▸ **Exercise inputs**

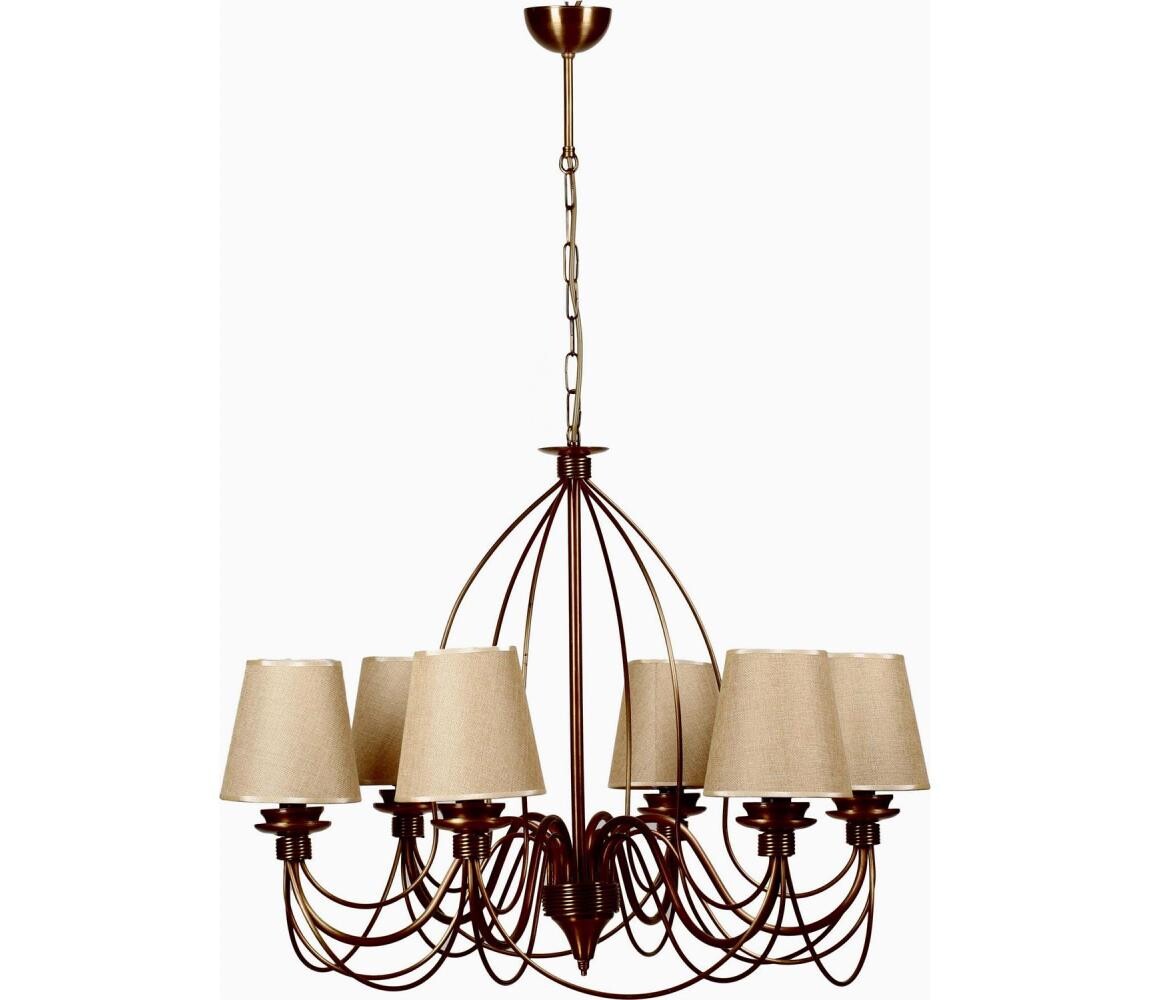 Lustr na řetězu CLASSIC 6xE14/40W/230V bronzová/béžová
* * *
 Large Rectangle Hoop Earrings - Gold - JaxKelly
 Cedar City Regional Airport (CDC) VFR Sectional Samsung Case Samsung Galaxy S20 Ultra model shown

▸ **Prompt**
Reproducing the whole listing above is not the task. Copy exactly only the lines from the one with "Large Rectangle Hoop" to the one with "Cedar City Regional", both kept.

▸ **Written solution**
 Large Rectangle Hoop Earrings - Gold - JaxKelly
 Cedar City Regional Airport (CDC) VFR Sectional Samsung Case Samsung Galaxy S20 Ultra model shown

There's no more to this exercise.